While at the Institute of Meteorology I studied meteorology and obtained sixty credits. This enabled me to teach courses in atmospheric physics to students who were studying to be science teachers at "high school level".
In August 1975 I joined the Swedish Space Corporation (SSC) in Solna. In those days SSC was a small organisation and hired very few engineers every year. Because of this, as a new employee I worked on many diverse projects - and this was also a policy of Fredrik Engström - the Managing Director. My CV certainly reflects that I was assigned to most of major projects in the 70’s and 80’s. The first jobs I had was to manage the flight test of the S-19 sounding rocket guidance system at NASA’s Wallops Island launch site. Directly after that I became involved in two projects simultaneously: The development of Sweden’s first microgravity experiment that was launched as part of the German TEXUS rocket and studies of direct-broadcasting TV satellites.
I was project manager of the microgravity project, but this involved design and test work in the laboratory, because the permanent project staff only consisted of two persons. We developed a 40 kg experiment module with ten mirror furnaces and two gradient furnaces for studying solidification of metal alloys. The first launch of the experiment module took place in December 1977. I worked on the microgravity program until 1980 when a separate department (which still exists within Space Systems Division, of which I was the General Manager during the period 1993-2001) was set up to develop such equipment.

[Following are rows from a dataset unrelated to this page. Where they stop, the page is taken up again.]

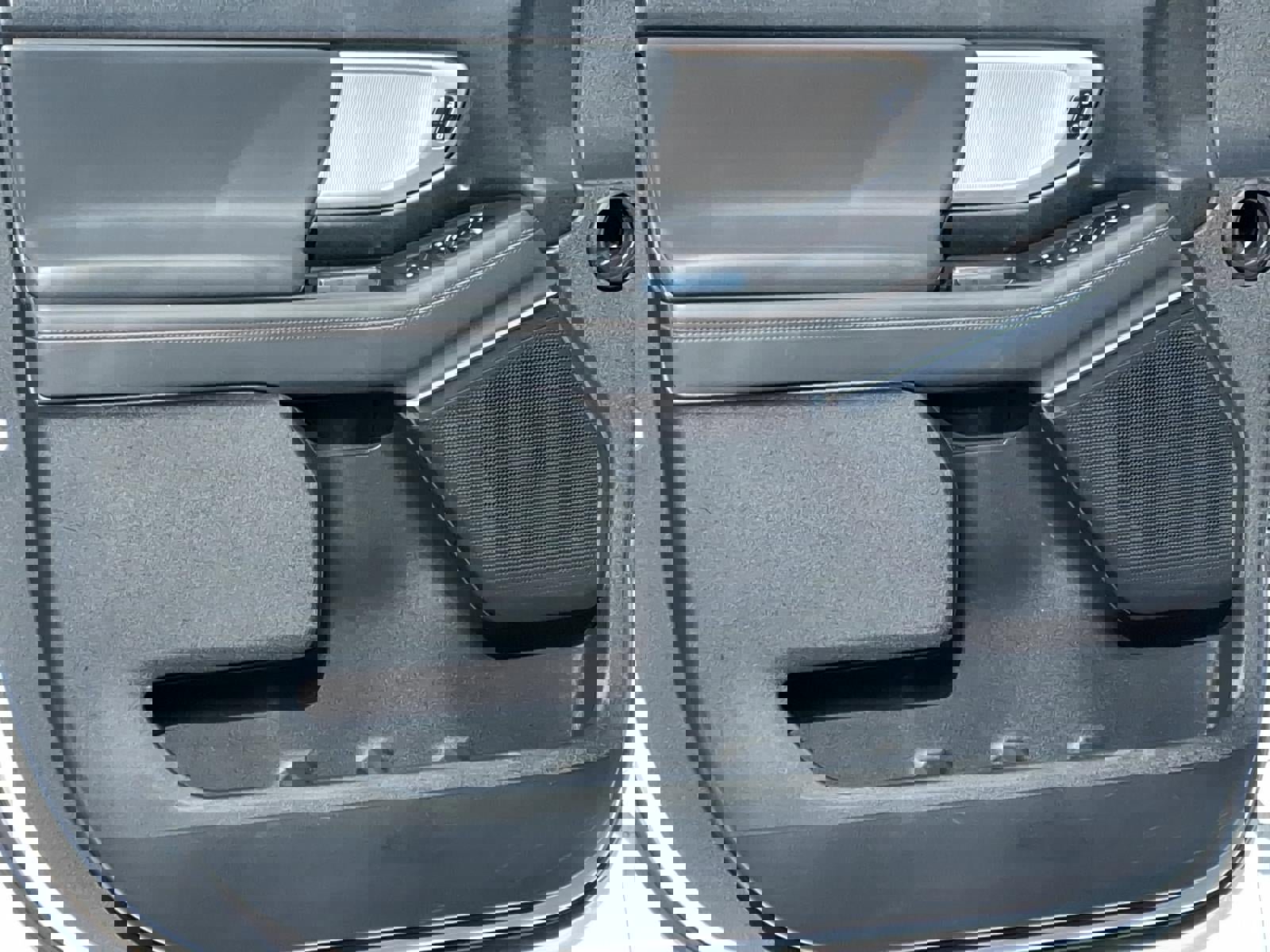 Certified 2025 Ford Expedition Active image 22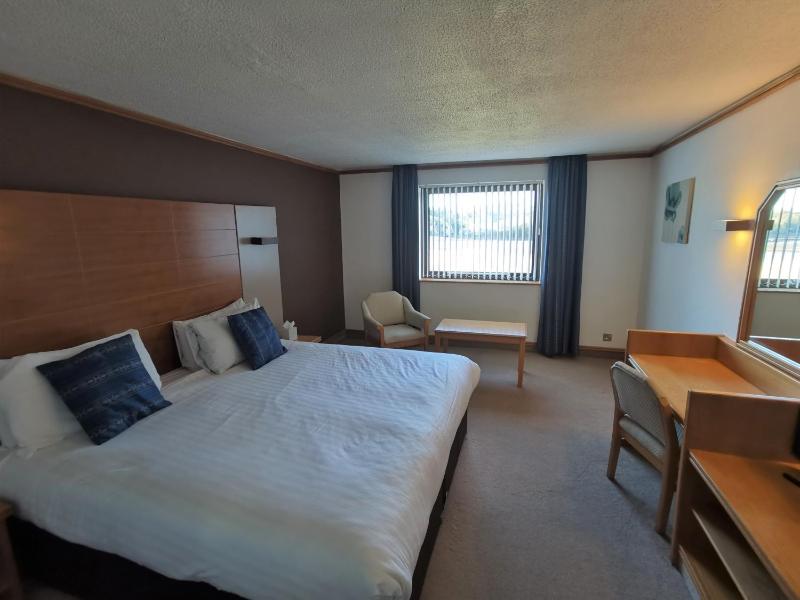 Double Room with River View image 3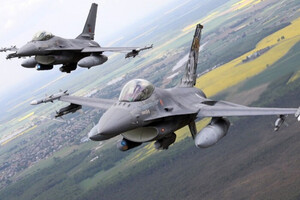Нидерланды сообщили, когда планируют отправить F-16 Украине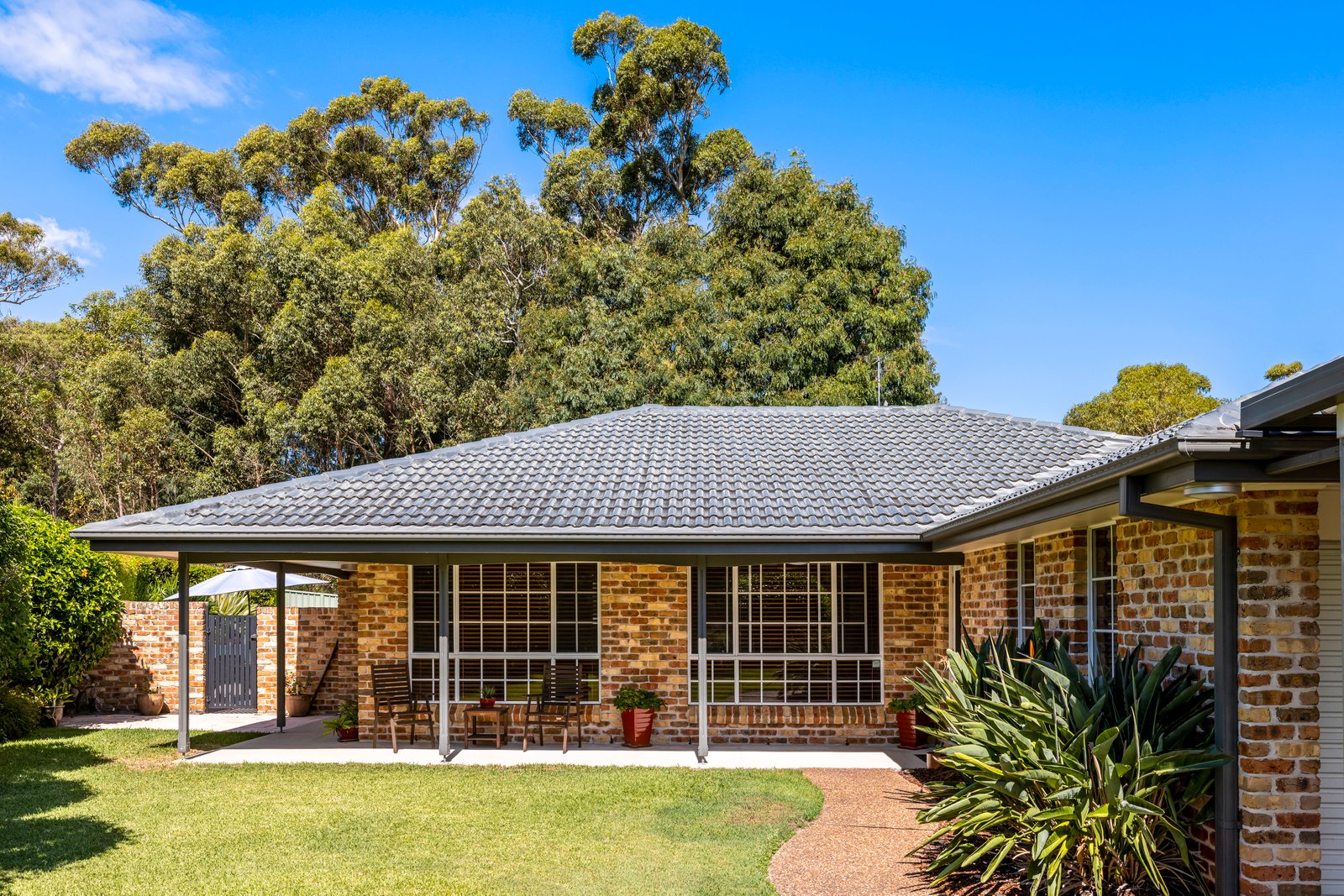 4 The Halyard  CORLETTE 22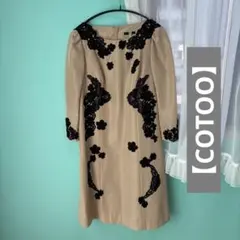 【COTOO】ベージュ、ゴールド、光沢ひざ丈ワンピース
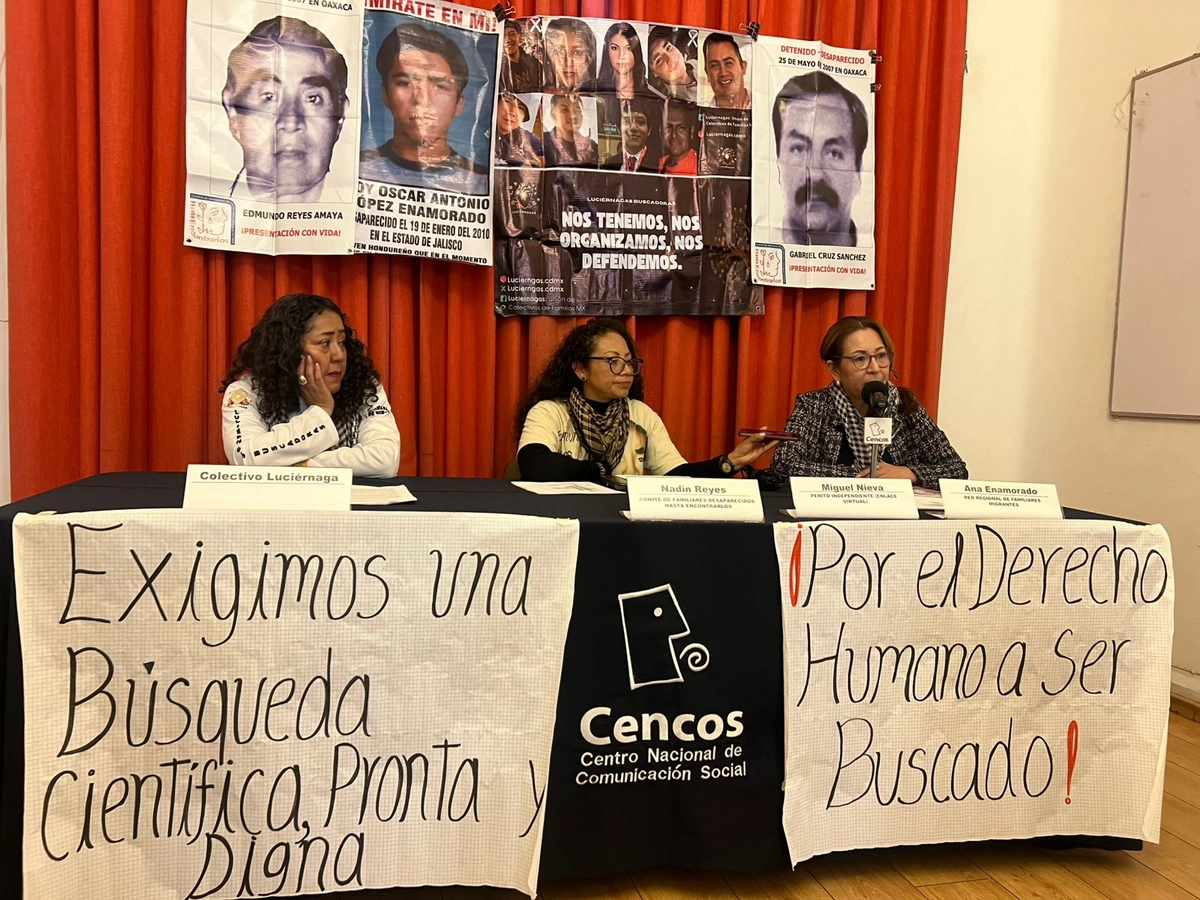 En conferencia de prensa, el Comité Hasta Encontrarlos, señaló que las jornadas de búsqueda se llevan a cabo sin saber qué características tiene el terreno a inspeccionar para saber qué tecnología se va a utilizar, qué georradar y qué antena.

A further illustration of the diversity of tasks that I was assigned to during the 70’s is that I designed a hydrological data collection station for the Swedish Meteorological and Hydrological Institute. The station was placed in a mountainous area in the North. It relayed its data via the CNES/NASA Argos satellite data system.
The TV satellite studies went on almost continuously from early 1976 until the end of 1979. The technical work was performed by three persons; Lars Anderson, Lars Backlund and myself. Mr Anderson took responsibility for the satellite platform and launch vehicle matters, Lars Backlund the ground segment, especially the direct-to-home receiving equipment. My task was to study the communications payload of the satellite, the total system reliability and link budgets. We submitted a massive study report in early 1977 and this study was regarded by many as technically very optimistic, while now, twenty years later, it appears almost timid in its technical projections. The study was supported by satellite contractors in Europe and the USA and this was my first real exposure to the space industry. All sorts of political events surrounded this study activity, initially preventing the proposed Nordic satellite broadcasting system from being developed.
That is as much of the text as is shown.